Look closer, and it shows something else: their use of the spherical ornament called the ballflower. There must be hundreds of ballflowers on this window, running up the mullions, along the arches, and around the quatrefoils and other shapes. Their spherical bodies and three-lobed openings catch the sunlight and form strong shadows, breaking up the smoothness of the masonry and reminding us, if we need reminding, that Gothic architecture is always a matter of the play of light. The repetition of the ballflowers at Ledbury is almost obsessive, and one of the most extreme examples of a fashion common in this part of the west of England – such flowers run around the 14th-century windows of dozens of churches in Herefordshire and the neighbouring counties, from the humblest parish church to Hereford Cathedral itself. They form a signature motif of the western masons and a testimony to their artful manipulation of light and shade.

Saturday, October 2, 2010

Ledbury, Herefordshire


Colours of history

Long ago in another life I was an editor of illustrated books and many was the discussion I had with my colleagues about the merits and otherwise of the various artists who worked as illustrators. I remember one occasion when we were discussing illustrators of historical subjects and the work of a particular artist came up in the conversation, someone who was known for artwork that was both historically accurate and highly atmospheric – but in which the atmosphere was often pervaded with clouds or stormy weather. ‘Ah,’ said a colleague. ‘It was always raining in the ancient world.’

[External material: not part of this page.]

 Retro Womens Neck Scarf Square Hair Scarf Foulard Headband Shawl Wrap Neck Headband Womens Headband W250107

Even in these days of colour reproduction and the electric glow of the internet, it’s all too easy to think of history before the Renaissance as taking place in a palette of greys under a cloudy sky. Most medieval churches no longer have their wall paintings and stained glass; castles have lost their banners and heraldry; we talk about black-and-white houses and silvery stone; we imagine peasants grubbing around in dingy hovels. This view of the Middle Ages is way off target, of course, as I've noticed before.

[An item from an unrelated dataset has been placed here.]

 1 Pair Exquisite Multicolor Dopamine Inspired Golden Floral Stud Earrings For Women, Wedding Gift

We know more about the colour and comfort of the Tudor period, from the surviving great houses. The grandest Elizabethan rooms were heated with big fireplaces and walls hung with thick tapestries. But how were smaller buildings decorated? What options were open to you if you couldn’t afford rich tapestries? A look inside most small Elizabethan houses today and the chances are you’ll find a very simple colour scheme – pale plasterwork and perhaps, if the building is timber-framed, the same ‘black and white’ effect as on the exterior.

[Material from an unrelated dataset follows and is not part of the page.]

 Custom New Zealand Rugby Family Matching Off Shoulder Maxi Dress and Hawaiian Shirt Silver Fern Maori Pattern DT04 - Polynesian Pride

But it wasn’t always like this. In Ledbury is the rare survival of a 16th-century colour painted interior. Here the walls were decorated in a pattern that imitates the designs of contemporary tapestries – stylized flowers and fruit within intricate borders resembling the formal hedges of an Elizabethan knot garden. Their splashes of red, blue and gold must have glowed 500 years ago.


In addition there are panels bearing inscriptions, quotations from the Books of Psalms and Proverbs, instructing us how to live our lives. ‘Better is a dinner with greene hearbes where love is, then a fat oxe and hatred therewith.'* According to some sources, the presence of these sententious moral comments may relate to the fact that this building might once have been used as a local court – probably a court of ‘pie-powder’, dealing with the running of the town’s market and related matters. I'm not so sure: the sentiments seem more domestic to me.

Whatever their origins, these rare painted walls give us a precious insight into the way provincial buildings could be decorated in the 16th century. At least some people aspired to the kind of colour more readily accessible to the upper classes. And the setting of history was not always black, white, or grey.

*Proverbs 15.17, Geneva Bible. Thanks to the readers who identified the translation.